READ ALSO: Why are so many rural Swedes obsessed with the American South? 

Power Big Meet in Västerås, the world’s largest meet for vintage American cars. Photo: Pontus Lundahl/TT

The mayor on a bike 

Since foreign minister Anna Lindh was stabbed to death 2003 while shopping in upmarket NK department store, Sweden’s leading national politicians have tended to travel with security. 

But the same is not the case at a regional and local level, and here in Malmö you’ll often see the mayor Katrin Stjernfeldt Jammeh going from place to place completely unsupervised on her bicycle. 

As with valstugor, for me it’s a sign of the openness of Swedish democracy. 
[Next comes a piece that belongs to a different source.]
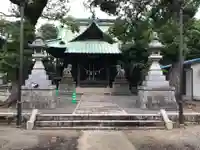 浅間神社の本殿・本堂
Toddlers in winter overalls 

Det finns inget dåligt väder – bara dåliga kläder. “There’s no such thing as bad weather, only bad clothes.” If you’ve spent a winter in Sweden as a foreigner, you’ve almost certainly heard this Swedish saying over and over again.

It’s true, and particularly true of the gangs of toddlers you’ll see out in the snow in parks and preschool playgrounds across the country, wearing the winter overalls that look almost like little space suits. 
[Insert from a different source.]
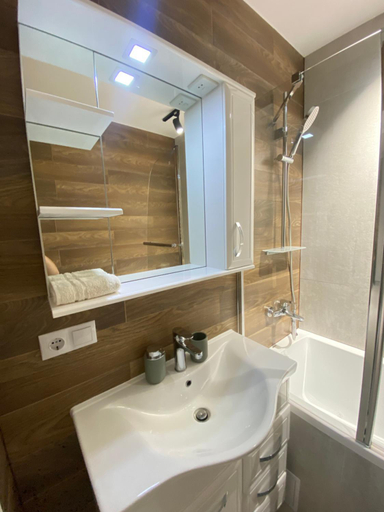 Bathroom 3, New design apartment in Chisinau At Solomon de Dendrarium, Chisinau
You may be spending the dark Swedish winter largely cooped up in well-heated apartments, but it’s heartening to see that they, at least, are not. And that always makes me smile. 

Coffee mornings (or afternoons for that matter) 

The local village café near where we are building our summer house has a little sign on the wall informing the clientele of its frukostklubben, or “breakfast club”, explaining who were the first locals to attend and which table they sit at. 

If you get there for its 8am opening, you’ll soon see the guy who runs the local plumbing firm, an electrician, and perhaps the odd farmer, take their place at the table and begin gabbling on about local matters, discussing politics, all in the distinctive mellow rural accent of southeastern Skåne. 

These sorts of gatherings happen across the country. You’ll see a bunch of old ladies in their 80s and 90s meeting over cakes and coffee in the more traditional types of konditori, and it gladdens the heart. 

Killjoy festive news stories 

Whenever it’s time for a Swedish celebration, such as Christmas, Easter, Valborg, New Year, I’m always on the look out for the killjoy festive news stories that are a grand, if little recognised, Swedish media tradition. 

READ ALSO: Why does the Swedish media love killjoy festive news? 

“Why Christmas is a dangerous time for your pets”, “The particle pollution caused by Valborg bonfires”, “How Sweden’s Christmas herring are dying out”. Whether they come up with a totally new angle or refresh an old classic, no festive period ever passes without a little injection of misery from Sweden’s newspapers and broadcasters. 

For me, it says something about the Swedish reluctance to ever really enjoy anything absolutely and without reserve, a hangover perhaps from the country’s Lutheran heritage. 

“Alarm on chemicals in Swedish crayfish.” A typically miserable headline for a Swedish festive story. Photo: Screenshot

Rapeseed

This might perhaps be something limited to people who live in Skåne, but the wide fields of bright yellow rapeseed flowers you come across when driving around Sweden in the early summer always blow me away. You come over the crest of a hill and there it is. If you throw in a whitewashed medieval church, and a few wind turbines rotating majestically on the horizon, it can be a breathtaking sight.  

A field of rapeseed in Skåne, southern Sweden. Photo: Jerker Andersson/imagebank.sweden.se

The kulturtant, or “culture lady”

Once you develop an eye for them, Sweden’s kulturtantar, or “culture ladies”, are instantly recognisable and everywhere, with their baggy patterned clothes in rough cotton or home-knitted wool, brightly coloured arty looking glasses, and chunky jewellery. 

They are gently ridiculed in Sweden as another manifestation of the smug, liberal middle classes, but they are also celebrated as the core audience that keeps Sweden’s cultural world alive. It’s the kulturtantar who buy the theatre tickets, go to the literature readings, and visit the art galleries in Sweden’s cities and towns. 

In a country that I sometimes find a bit too practically minded, I’m glad they exist, and a lot of my friends, though still in their 40s, are well on the way to kulturtant status.